Amanda: Did you ever read Wintersong?
Elyse: No, I haven’t, and I’m really excited for it.
Amanda: Do that. That’s got a, a Goblin King.
Elyse: I’m all about the Goblin King.
Amanda: Set in, like, historic Bavaria, so no Evian water dispensers.
Elyse: Super embarrassing confession, as long as we’re, we’re on this track: in the Anita, not the Anita Blake books. Who was the other one? Meredith Gentry?
Amanda: Yeah, Merry Gentry. That was even, like, that was sex straight out the gate. Like, you didn’t even have to wait two books, ‘cause, like, page five? Yeah. We’re, we’re there.
Elyse: [Laughs] My favorite out of all of ‘em was the guy with the tentacle stomach, because he was so tragic!
Amanda: [Gasps] Yeah, he was mine too!
Sarah: Sholto.
Elyse: Yes!
Amanda: Mine too! ‘Cause he was, like, the villainous, like, bad-boy, I’ll-never-be-loved-‘cause-I’m-a-weirdo.
Elyse: [Laughs] Yes!
Amanda: Yes!
Elyse: I’ve got stomach tentacles, and I remember when, like, she finally slept with him and it turned into a tattoo or something. Like, that was the one place that Laurell Hamilton would not go was tentacle penetration. [Laughs]
Amanda: She had to draw a line. My second favorite was, like, the icy dude.
Sarah: Frost?
Amanda: Yeah.
Elyse: I think he’s, I think, yeah, that was just his name, like, Frost.

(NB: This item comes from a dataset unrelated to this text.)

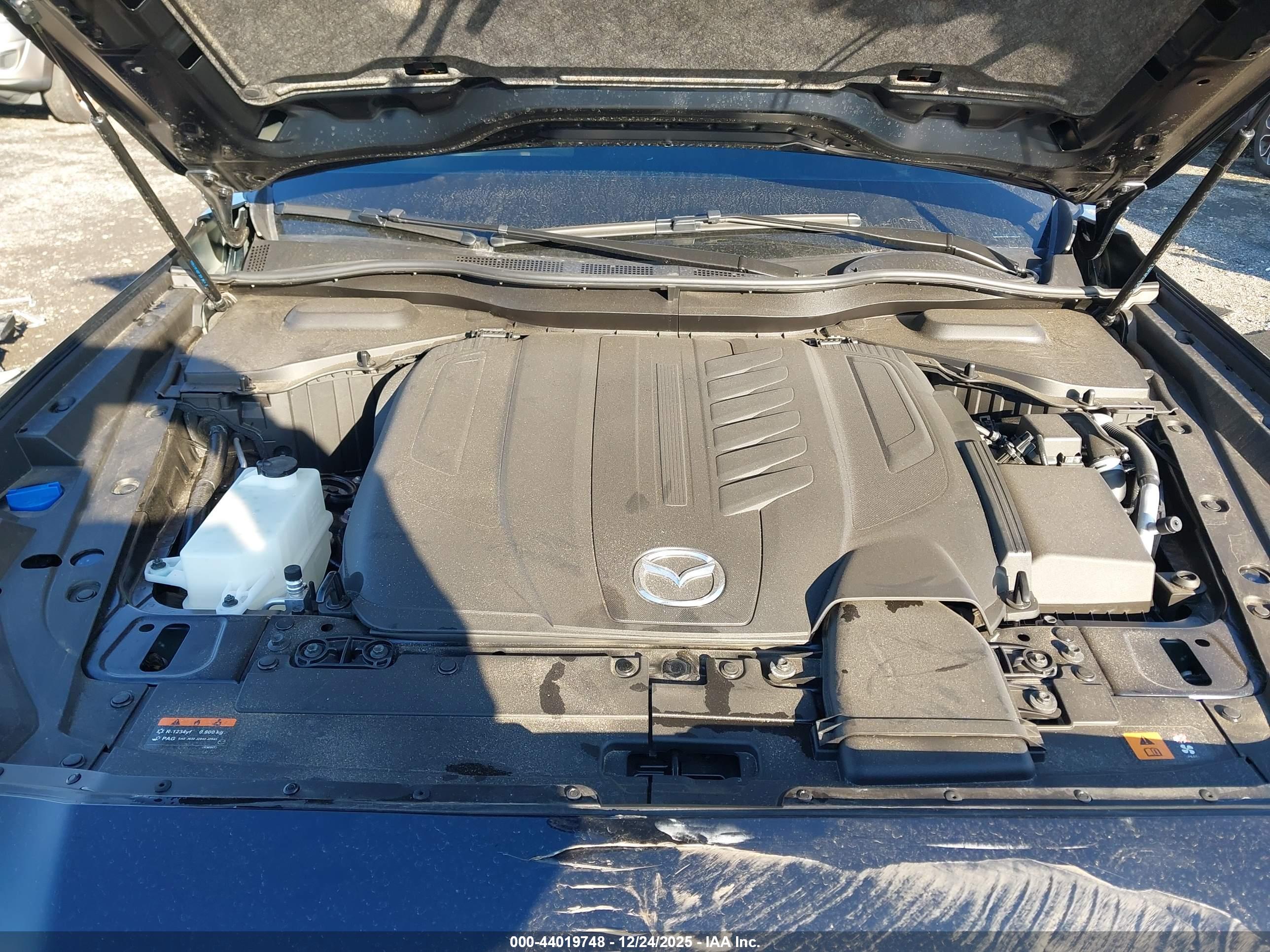MAZDA CX-90 image 10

Amanda: Yeah. I knew ice had something to do with it. I made it as far as, what is it, Mistral’s Kiss was the last one I read?
Elyse: That sounds –
Amanda: He did, he did, like, storm and, like, thunder magic, I think. [Laughs] I could be making that up.
Elyse: Didn’t Frost get, like, turned into a stag or something for a while?
Amanda: Yeah, I think he peaced out a little bit. And I don’t blame him.
Elyse: [Laughs] It was always like Meredith Gentry’s gang bang, fairy bad, bad, boy band.
Sarah: She had to have sex in order to get pregnant, so she basically had sex every day and night.
Amanda: Yeah. To, like, replace her, like, evil –
Sarah: Aunt.
Amanda: Yeah.
Elyse: I would get, like, so chafed.
Amanda: I think that’s why – so that was the – I read those –
Sarah: Did that –
Amanda: – before Anita Blake, and that’s, I think that might be why I’m so into, like, fairy stuff in my romances. Give me, like, a Fae hero –
Sarah: Fairy stuff in your romances?
Amanda: Give me a Fae hero any day of the week.
Elyse: Did you read – ugh, it’s going to drive me nuts, and it’s really –
Amanda: The Cruel Prince.
Elyse: No, it’s older than that. It’s going to take me a while to find it on my Goodreads. I apologize.
Amanda: We’ll go back to Lee Pace as that hot, frosty Elf King. We can think about that while Elyse searches. I don’t even remember his name.
Elyse: [Laughs] Are we talking about The Hobbit again?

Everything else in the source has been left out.